When the extractor is unwired or errors, the fallback uses firstParagraphOneLine over the worker's markdown to fill root_cause and ships the whole markdown verbatim as findings_md.

Bold-header trap

firstParagraphOneLine (usecase.go:846) skips pure markdown scaffolding (headings, dividers, fully-bold section titles) so root_cause reads as a sentence, not as **现象**. A prior bug only stripped the leading ** and left a trailing pair — fixed in the same function.

Manual re-trigger

http
POST /v1/alerts/incidents/{id}/investigation
Accept-Language: en

ForceEnqueue runs the manual path:

  1. Stop any currently-running worker for this incident (best-effort — warns and continues if the worker_id is stale post-restart).
  2. Hard-delete the prior investigation_reports row (covers soft-deleted rows from earlier force-enqueues so the unique incident_id index doesn't reject the next Create).
  3. Release the inflight guard.
  4. Call EnqueueWith with the locale parsed from Accept-Language so the regenerated report comes back in the operator's UI language.

Severity floor still applies — manual triggers on info-level incidents return severity below floor errors.

Boot-time backfill

Fresh installs hit a chicken-and-egg: the structured RCA chain only wires when at least one LLM provider is configured, but incidents can fire before the operator adds a provider. BackfillUnstartedIncidents runs at boot, walks ListIncidentsWithoutReport(since, limit), and re-enqueues anything that fired in the window.

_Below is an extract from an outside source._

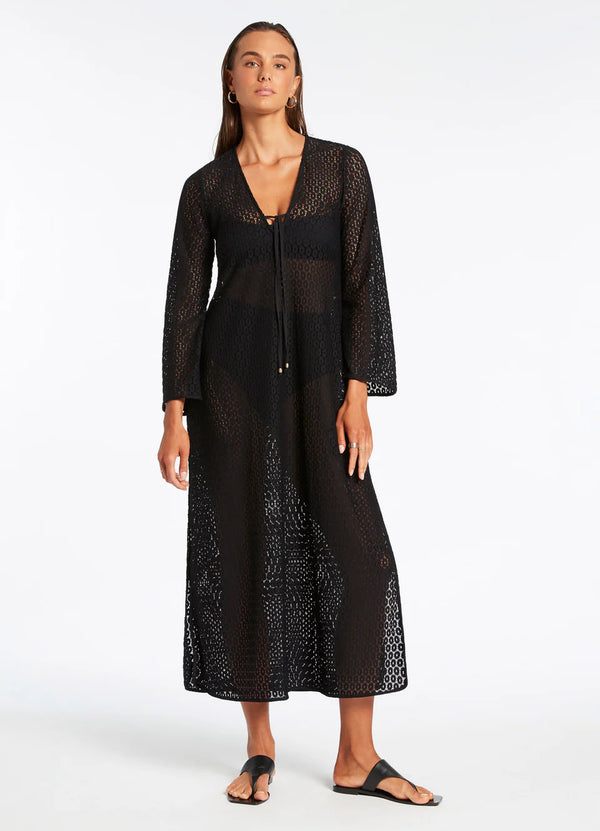 Jets Jetset Stretch Lace Maxi Kaftan in Black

The normal gates still apply, so resolved incidents and over-floor incidents are skipped.

See cmd/ongrid/main.go for the wiring — it's run at startup with a 24-hour window.

See also

  • Alerts — what fires.
  • Topology — what expand_topology exposes for the investigator's blast-radius walk.
  • Skillscorrelate_incident, get_incident_detail, query_promql, search_logs: the tools the worker calls.
  • Models / Routing — how the per-investigation locale + provider is resolved.
  • Models / Budget — the global per-day token cap that bounds investigation cost.